▶ [To do] Restate word for word the entries below, starting at the line with "380 Gulf Blvd #14, Boca Grande, FL 33921" and ending at the line with "45752-1 Vollrath 29-6-3/8 Pusher Block". Keep both end lines and omit the pictures.

▶ [Given records]
"""

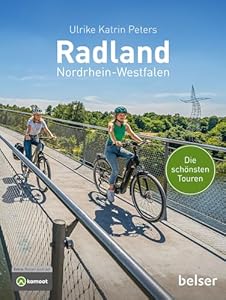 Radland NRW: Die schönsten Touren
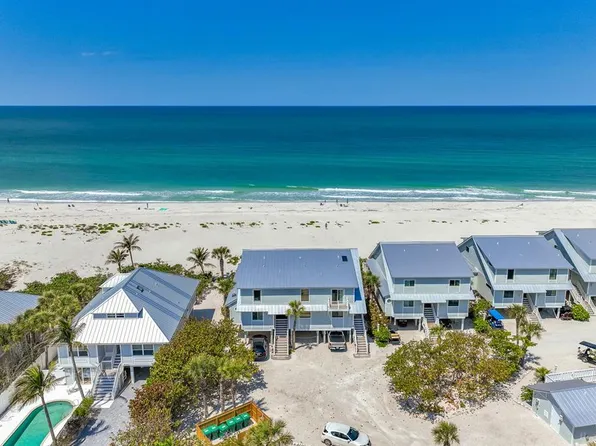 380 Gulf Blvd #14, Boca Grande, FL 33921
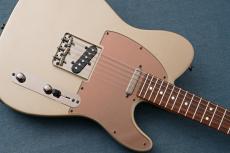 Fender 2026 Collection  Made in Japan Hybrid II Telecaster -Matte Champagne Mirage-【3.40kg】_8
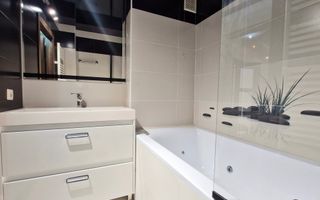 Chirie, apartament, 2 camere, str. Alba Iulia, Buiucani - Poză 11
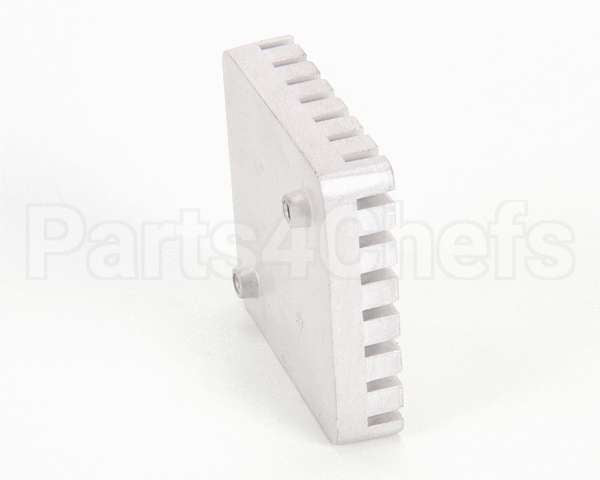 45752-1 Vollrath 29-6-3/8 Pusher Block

"""
"""

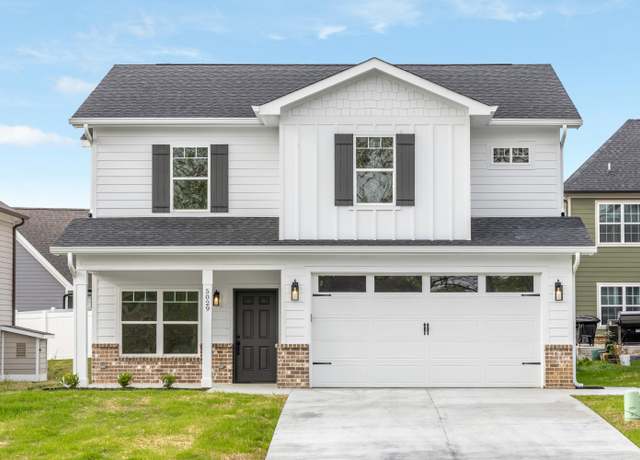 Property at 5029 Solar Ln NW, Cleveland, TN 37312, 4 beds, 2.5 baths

"""

▶ [Solution]
 380 Gulf Blvd #14, Boca Grande, FL 33921
 Fender 2026 Collection  Made in Japan Hybrid II Telecaster -Matte Champagne Mirage-【3.40kg】_8
 Chirie, apartament, 2 camere, str. Alba Iulia, Buiucani - Poză 11
 45752-1 Vollrath 29-6-3/8 Pusher Block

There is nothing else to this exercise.